# Angelina Jolie tritt in Elizabeth Taylors Fußstapfen



## Mandalorianer (1 Apr. 2011)

*Angelina Jolie tritt in Elizabeth Taylors Fußstapfen​*
*
Jetzt ist es offiziell:* Für die Leinwandverfilmung wird Angelina Jolie
in die Rolle der ägyptischen Königin Cleopatra schlüpfen. Das ist eine große Ehre für sie, 
aber auch eine echte Herausforderung.
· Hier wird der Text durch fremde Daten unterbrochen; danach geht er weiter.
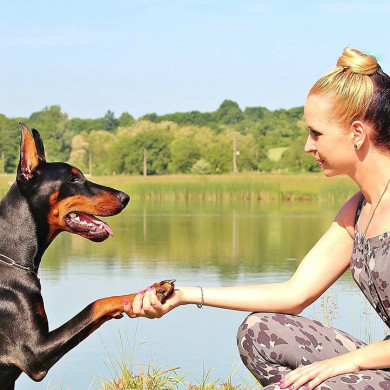 les instants edu'canins a azureva longeville vendee ocean
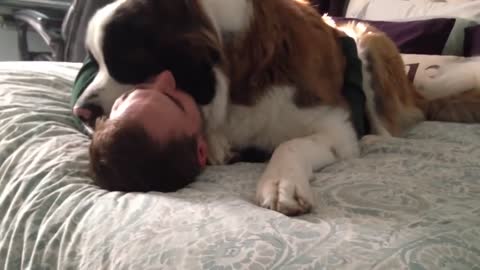 Huge Saint Bernard dog being needy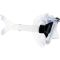 Cressi Big Eyes + Seal Dry snorkel combo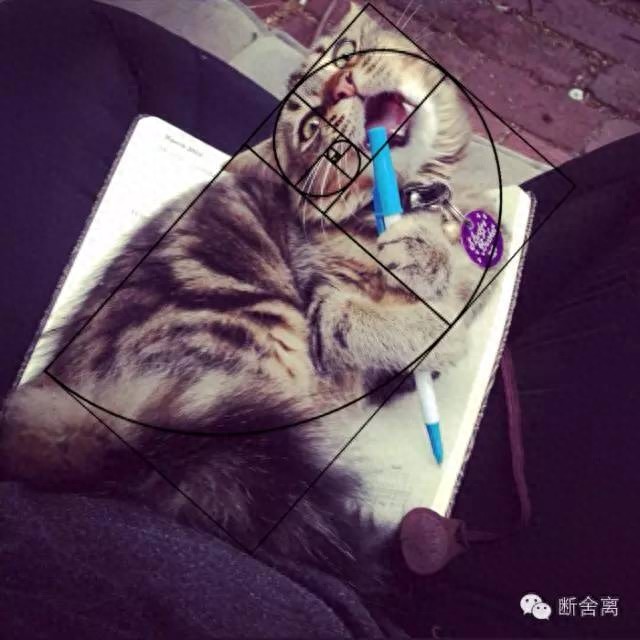 喵星人告诉你什么是斐波那契螺旋线，黄金螺旋构图揭秘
Denn um Vergleiche mit der jüngst verstorbenen Elizabeth Taylor ,
die 1963 in dieser Rolle glänzte, wird sie nicht umhinkommen.



​

Gerüchteweise soll die neue Verfilmung von Scott Rudin jedoch andere Schwerpunkte setzen. Der Film werde vordergründig Cleopatras Verführungskünste und erotische Ausstrahlung thematisieren und veranschaulichen, wie sie ihren Körper und Charme für Macht und Politik einsetzte. 


Indes ist noch ungewiss, wer die Rolle von Cleopatras Liebhaber Marcus Antonius, dem römischen Feldherren und Staatsmann, übernehmen wird. Gerüchteweise könnte es sogar Angelinas Lebenspartner Brad Pitt werden. Aber auch Daniel Craig, George Clooney und Colin Firth sollen dafür im Gespräch sein. Bis zum Filmstart müssen wir uns voraussichtlich bis 2013 gedulden.


*Grosses Kino:thumbup:
Gruss Gollum*


----------



## Q (1 Apr. 2011)

dann gibts was zu gucken  :thumbup: :thx:


----------



## DRAGO (1 Apr. 2011)

Meines Erachtens hat Dita von Teese wesentlich mehr Ähnlichkeit mit Liz Taylor


----------



## Punisher (1 Apr. 2011)

Egal, wenn sie genug Haut zeigt


----------



## Chamser81 (1 Apr. 2011)

Sie wird nicht mal ansatzweise so attraktiv sein wie Liz Taylor als Cleopatra!


----------



## Stoney (3 Apr. 2011)

Freue mich riesig das Angelina die Cleopatra spielt:thumbup:


----------



## Skype (9 Apr. 2011)

Mit schwarzen Haare und viel schminke, kann es ja was werden.


----------